EXERCISE AIM:
Reproduce the listing below word for word and exclude any picture.

EXTRACTED RECORDS:
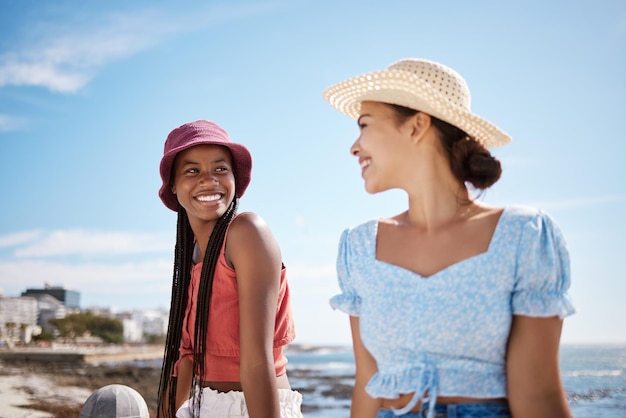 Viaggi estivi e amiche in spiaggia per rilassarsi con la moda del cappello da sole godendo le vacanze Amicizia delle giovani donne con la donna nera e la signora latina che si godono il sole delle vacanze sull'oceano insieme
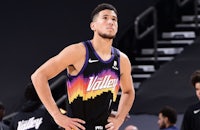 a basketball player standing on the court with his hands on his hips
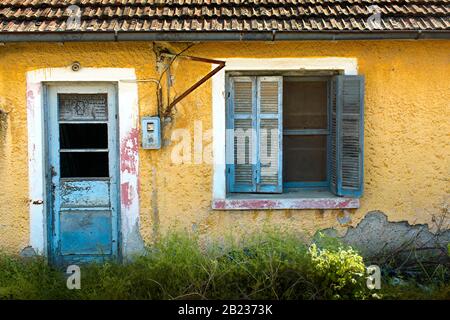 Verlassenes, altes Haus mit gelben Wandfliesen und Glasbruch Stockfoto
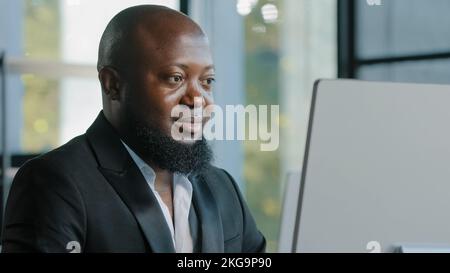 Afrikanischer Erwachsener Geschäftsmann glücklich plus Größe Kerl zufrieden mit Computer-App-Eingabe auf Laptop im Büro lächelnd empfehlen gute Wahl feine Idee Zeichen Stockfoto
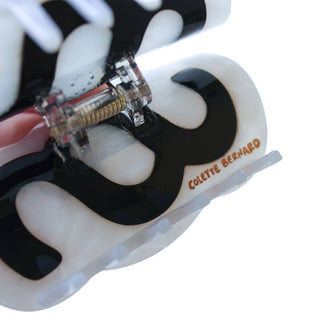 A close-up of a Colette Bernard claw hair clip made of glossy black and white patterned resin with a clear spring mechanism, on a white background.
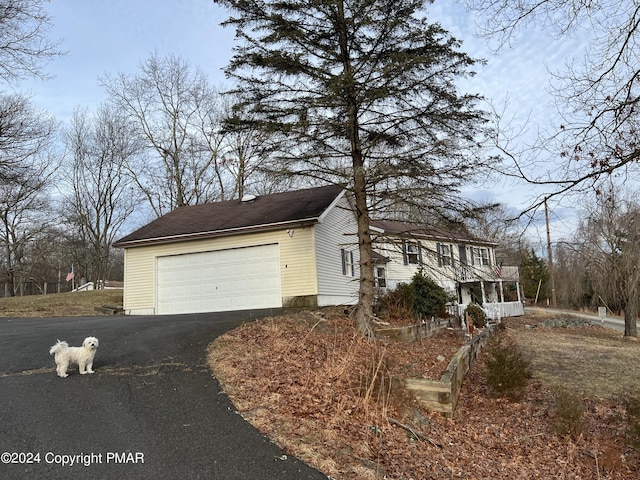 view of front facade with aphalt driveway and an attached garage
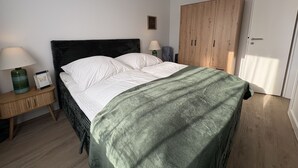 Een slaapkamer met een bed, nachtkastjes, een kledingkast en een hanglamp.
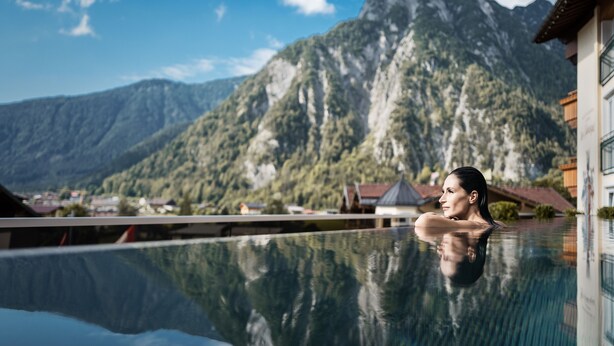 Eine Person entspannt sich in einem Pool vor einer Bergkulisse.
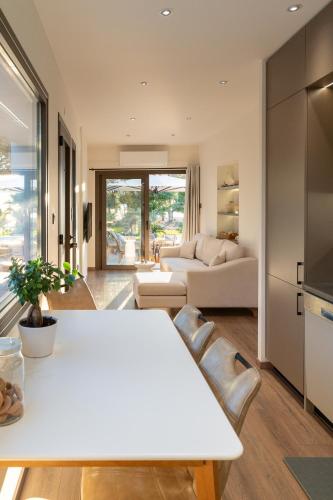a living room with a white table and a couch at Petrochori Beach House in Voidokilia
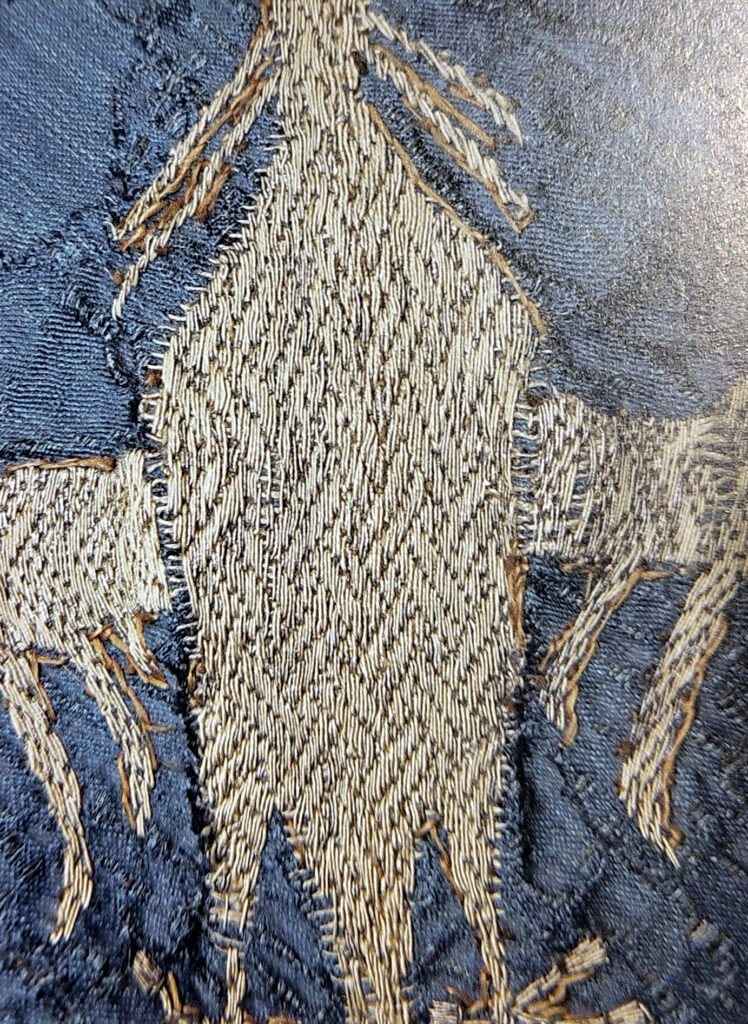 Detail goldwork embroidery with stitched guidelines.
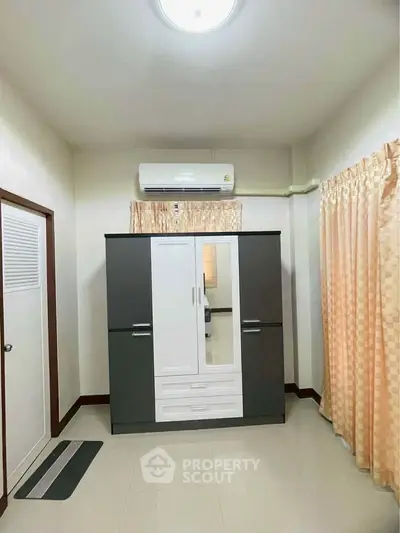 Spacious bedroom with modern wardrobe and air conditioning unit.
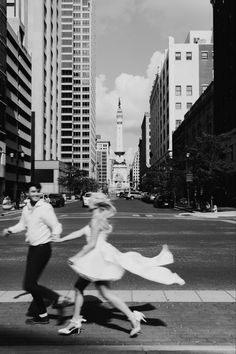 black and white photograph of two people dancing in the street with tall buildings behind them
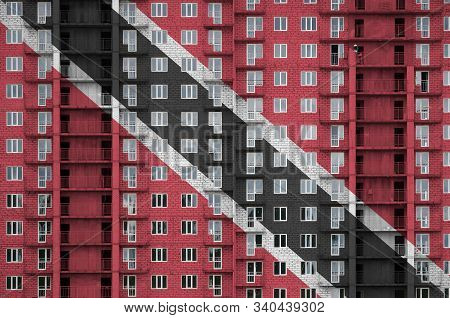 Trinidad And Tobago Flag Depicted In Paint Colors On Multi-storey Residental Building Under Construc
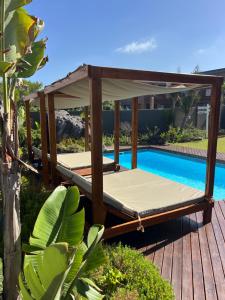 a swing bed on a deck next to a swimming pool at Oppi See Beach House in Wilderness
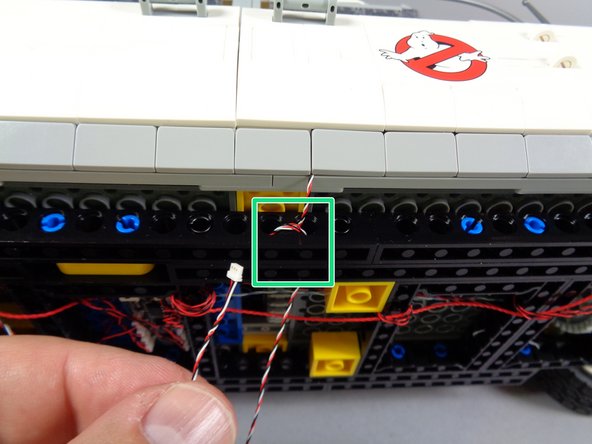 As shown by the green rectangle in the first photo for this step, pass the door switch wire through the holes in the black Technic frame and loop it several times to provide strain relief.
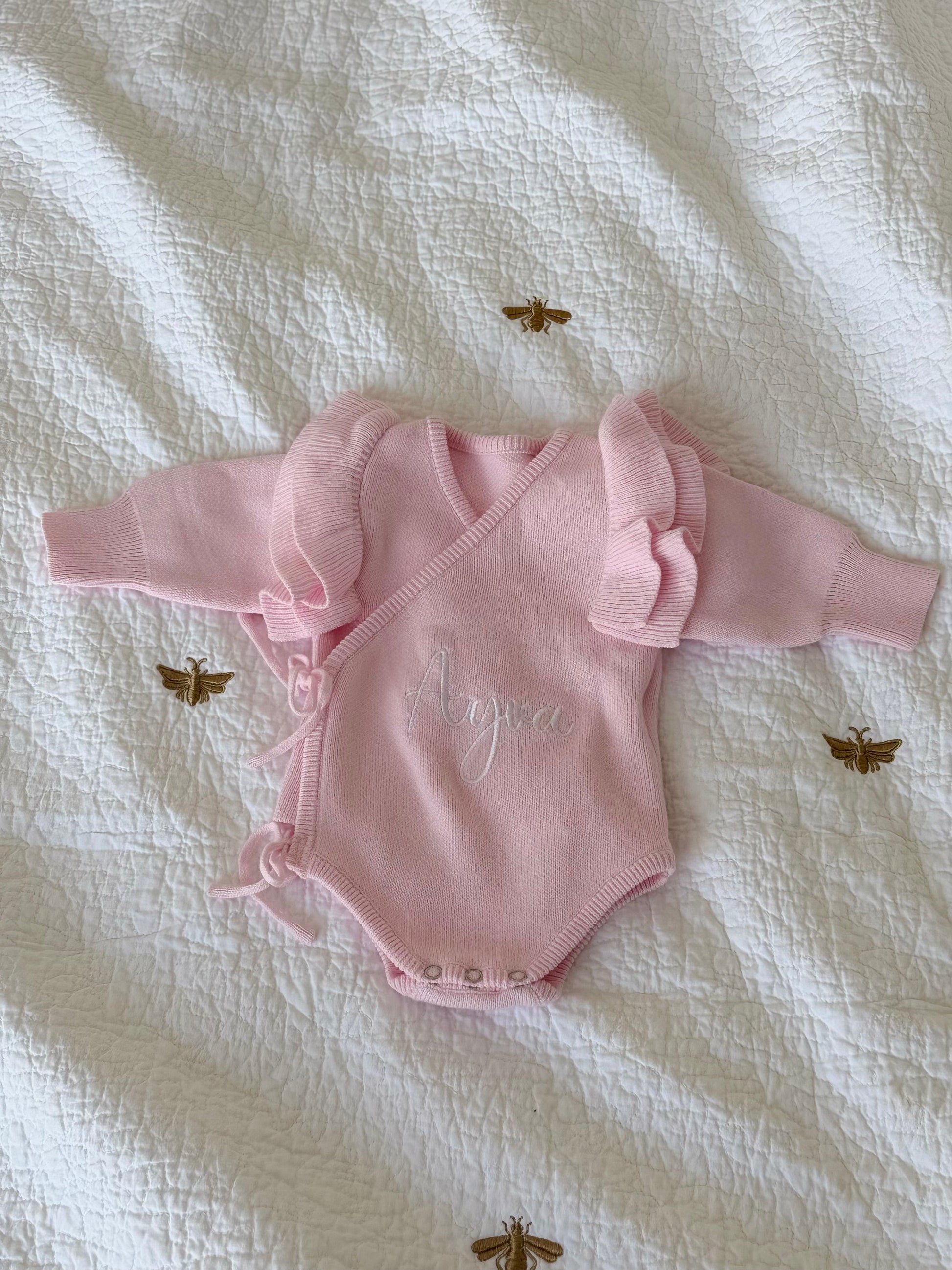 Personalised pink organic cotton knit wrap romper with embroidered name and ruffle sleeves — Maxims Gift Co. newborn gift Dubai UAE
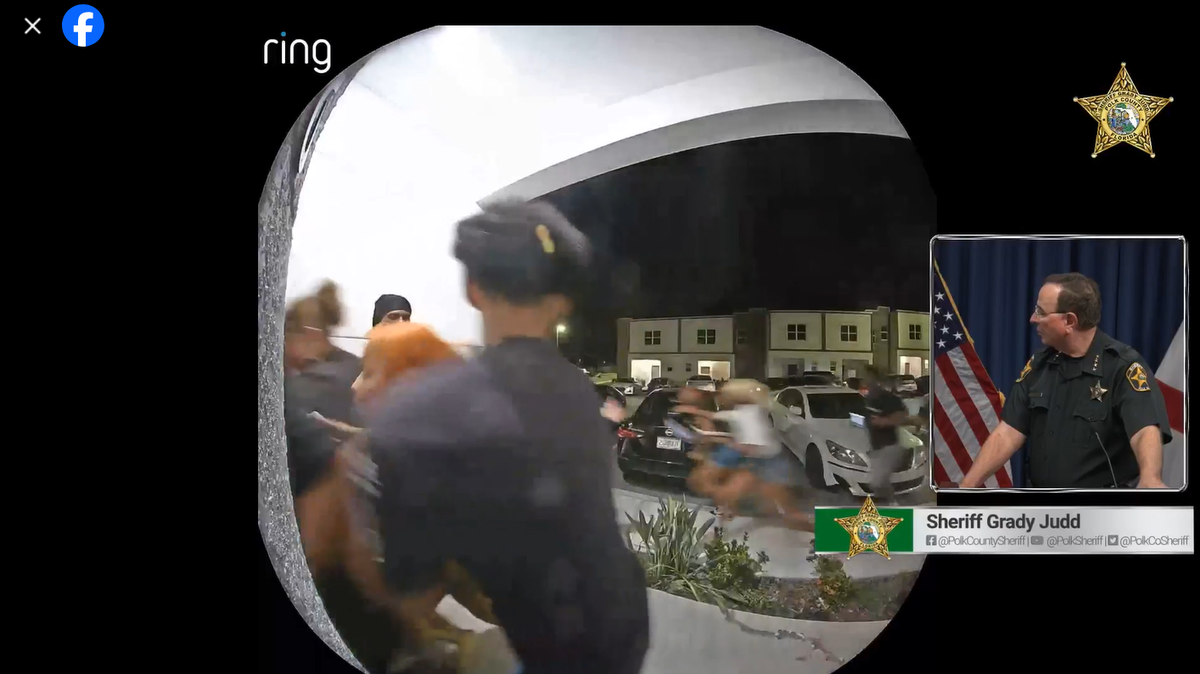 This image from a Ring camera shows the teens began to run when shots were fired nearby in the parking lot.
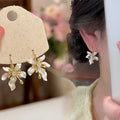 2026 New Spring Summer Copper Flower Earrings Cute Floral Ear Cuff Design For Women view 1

SOLUTION:
 Viaggi estivi e amiche in spiaggia per rilassarsi con la moda del cappello da sole godendo le vacanze Amicizia delle giovani donne con la donna nera e la signora latina che si godono il sole delle vacanze sull'oceano insieme
 a basketball player standing on the court with his hands on his hips
 Verlassenes, altes Haus mit gelben Wandfliesen und Glasbruch Stockfoto
 Afrikanischer Erwachsener Geschäftsmann glücklich plus Größe Kerl zufrieden mit Computer-App-Eingabe auf Laptop im Büro lächelnd empfehlen gute Wahl feine Idee Zeichen Stockfoto
 A close-up of a Colette Bernard claw hair clip made of glossy black and white patterned resin with a clear spring mechanism, on a white background.
 view of front facade with aphalt driveway and an attached garage
 Een slaapkamer met een bed, nachtkastjes, een kledingkast en een hanglamp.
 Eine Person entspannt sich in einem Pool vor einer Bergkulisse.
a living room with a white table and a couch at Petrochori Beach House in Voidokilia
 Detail goldwork embroidery with stitched guidelines.
 Spacious bedroom with modern wardrobe and air conditioning unit.
 black and white photograph of two people dancing in the street with tall buildings behind them
 Trinidad And Tobago Flag Depicted In Paint Colors On Multi-storey Residental Building Under Construc
 a swing bed on a deck next to a swimming pool at Oppi See Beach House in Wilderness
 As shown by the green rectangle in the first photo for this step, pass the door switch wire through the holes in the black Technic frame and loop it several times to provide strain relief.
 Personalised pink organic cotton knit wrap romper with embroidered name and ruffle sleeves — Maxims Gift Co. newborn gift Dubai UAE
 This image from a Ring camera shows the teens began to run when shots were fired nearby in the parking lot.
 2026 New Spring Summer Copper Flower Earrings Cute Floral Ear Cuff Design For Women view 1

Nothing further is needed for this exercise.